We hope to create an overall chain user mode distributed file storage system from client file request hijacking to network to storage with specific hardware, so as to obtain the ultimate performance experience.

Client

On the client side, we support two types of file systems: the more common fuse file system and the user mode file system which we hope to improve the performance in this way.

Fuse

Kernel File System

In order to reduce the number of calls, an implementation scheme is to directly implement the file system in the kernel state, and network requests are implemented in the kernel state.

User status request
VFS
Kernel file system
network

This scheme can reduce the number of handovers to 2, but its disadvantages are also obvious:

The debugging of kernel programming is complex
You need to install additional kernel modules for the client
File system crash affects other processes

fuse

There are different ways to implement network file storage, and fuse is an easy way to implement and use.

In fuse, a call process for file storage through the network includes:

User status request
VFS (switching)
fuse driver
fuse library
network

It should be noted that fuse also reduces the performance of the file system while avoiding the above problems.

System Call Hijacking

This is the second scheme we implemented, namely, to implement a user mode file system.
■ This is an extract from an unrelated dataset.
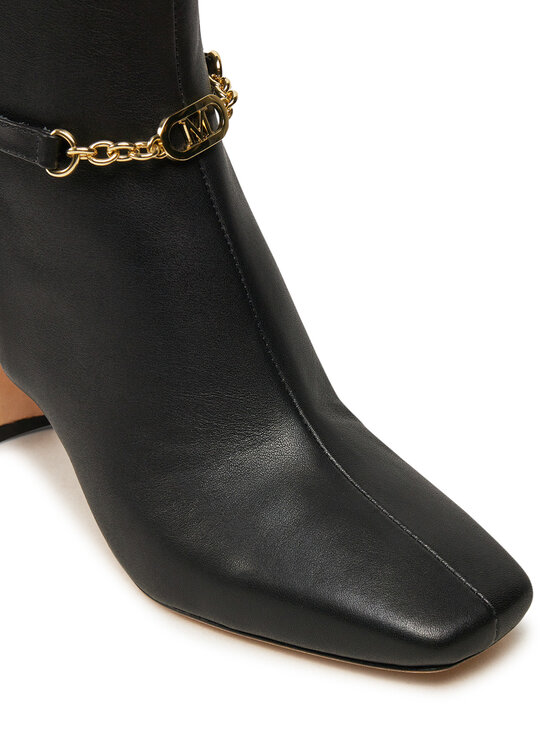 Marciano Guess Členková obuv Marciano Guess 4BGZ27 7103A Čierna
In the figure in the previous section, we can see that user requests are not directly handed over to the Linux kernel, but are submitted through glibc (or other libc libraries). This means that the address of system calls can be replaced at the libc layer to achieve system call hijacking.

User status request
System call hijacking client
network

Network

For the network part, two network transmission modes are also provided, RPC and RDMA.

RPC

Location algorithm

A file request will be mapped to a server by the client using a hash algorithm and transmitted through the socket link.

Request Process

The client receives the request and creates a processing thread. The work of creating processing threads is implemented by libfuse, and the functions implemented by sealfs can be considered as independent threads.
The server where the calculation file is located, and the content is in metadata management, which is not detailed in this section.
Send a file request to the server and hold the thread. The process of sending requests should consider the parallel processing of multiple requests. Setting up a socket for each request is the simplest implementation, but the connection creation delay is too high, and the number of network connections may be too large. Maintaining multiple long connections ensures the delay of connection creation. However, in the case of large concurrency, it is still unable to solve the problem of excessive network connections. At the same time, the code implementation is slightly complicated. Therefore, a long connection is used to share multiple file requests. When a thread sends a request, it needs to include the request ID and data length. At the same time, it needs to implement an additional thread safe queue to store the lock of the thread after sending the request.
The server processes the file request and returns the request result to the client. The requested id is always maintained during processing.
The client receives data, activates the request thread, and processes the return value. One (or a limited number of) independent threads are used to receive the request result, which contains the request ID, so it is necessary to query the thread lock corresponding to the request ID in the queue, write the result and release the thread lock, activate the original request thread and return the result to the application.

Memory Copy

The method that multiple requests share the same thread is adopted. When the socket sends a request, it needs to send a length variable in advance to avoid packet sticking due to the variable length of the data. There are two different solutions: One is to use multiple sockets to realize the connection pool. One socket is used to send one request each time. This scheme does not have the problem of packet continuity and can be sent multiple times. The other is to use the same socket, but to ensure data continuity, string splicing is required. When memory copying is involved, the overhead will increase. To avoid this problem, threads need to be locked each time data is sent. This is the implementation scheme of the first phase.

RDMA

Manager

Manager used for managing server cluster.

heart Manger

When the server node is online or offline, it will report the heartbeat information to the management node. The client will subscribe to the heartbeat information for location calculation. At the same time, the server will subscribe to the heartbeat information for data migration and other aspects.

Server

The server mainly stores two types of data. One is the metadata information of the file and the content of the file itself.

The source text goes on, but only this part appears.